A new report by Ming-Chi Kuo of KGI states that Qualcomm's 3D sensing technology is up to two years behind Apple's. The Silicon Valley-based company is, allegedly, set to introduce 3D sensing technology to the masses with the launch of its upcoming iPhone 8, where it will play a key role in security. But in the world of Android, it appears manufacturers are holding off in order to observe the market's response once the next generation iPhone launches.

According to the report, Qualcomm is Apple's closest competitor, but the company is said to lag behind its Californian competitor in regards to the 3D sensing tech. Also, Android manufacturers are said to be reluctant when it comes to implementing the technology, with 2018 expected to be the earliest implementation. Currently, the only Android manufacturer showing a high level of interest in the new tech is Xiaomi, though the is said to be waiting for the market's response to Apple's solution before it makes any decisions regarding potential implementations of its own. After all, Apple is said to be including a new high-quality front facing camera that will support the 3D sensing technology and, if the response is positive, the technology has the potential to replace fingerprint scanners completely. Because of this, though, Qualcomm is not expected to ship the new technology in reasonable quantities until 2019, but it does give the company a relatively wide timeframe in order to adapt its technology to the market's needs. With most manufacturers awaiting the market response, the company can freely modify its offering in order to better suit the market and requirements of other manufacturers.
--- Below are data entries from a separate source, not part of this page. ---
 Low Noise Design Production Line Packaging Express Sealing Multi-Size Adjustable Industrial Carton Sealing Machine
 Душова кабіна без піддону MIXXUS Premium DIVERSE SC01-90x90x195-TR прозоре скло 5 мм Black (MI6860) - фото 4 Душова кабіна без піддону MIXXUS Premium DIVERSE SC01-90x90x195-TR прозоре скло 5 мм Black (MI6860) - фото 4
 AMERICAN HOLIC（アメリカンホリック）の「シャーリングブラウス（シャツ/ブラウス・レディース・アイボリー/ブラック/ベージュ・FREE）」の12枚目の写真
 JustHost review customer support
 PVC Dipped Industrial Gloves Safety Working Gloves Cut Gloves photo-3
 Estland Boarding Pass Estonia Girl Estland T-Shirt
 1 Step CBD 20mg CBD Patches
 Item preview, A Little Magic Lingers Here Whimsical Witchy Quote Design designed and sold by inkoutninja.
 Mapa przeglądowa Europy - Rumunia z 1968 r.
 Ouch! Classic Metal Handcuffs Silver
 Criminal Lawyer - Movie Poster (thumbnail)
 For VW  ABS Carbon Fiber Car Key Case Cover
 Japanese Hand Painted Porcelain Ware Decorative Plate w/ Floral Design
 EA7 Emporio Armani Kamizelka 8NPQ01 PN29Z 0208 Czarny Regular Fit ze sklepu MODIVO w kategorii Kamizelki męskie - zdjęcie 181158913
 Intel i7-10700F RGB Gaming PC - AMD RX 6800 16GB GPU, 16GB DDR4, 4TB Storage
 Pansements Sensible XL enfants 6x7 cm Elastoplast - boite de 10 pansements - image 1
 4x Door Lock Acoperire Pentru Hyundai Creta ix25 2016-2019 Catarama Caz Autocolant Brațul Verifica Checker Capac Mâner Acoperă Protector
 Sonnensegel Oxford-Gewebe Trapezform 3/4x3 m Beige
If the chip maker can remain in second place when it comes to developing the technology, the company's offerings could be in high-demand within a couple of years. Qualcomm's technology does have a few key differences, though. Apple's sensors are set to be manufactured by TSMC, who manufacturer both the diffractive optical element and the wafer-level optical separately. In the case of Qualcomm, though, the company has designed a system which includes both elements in the same module, which has the potential to save significant space once perfected. Nonetheless, with Apple's solution yet to be tested, Qualcomm will surely be keeping an eye on market's response and feedback in order to better adapt its own offering for future customers.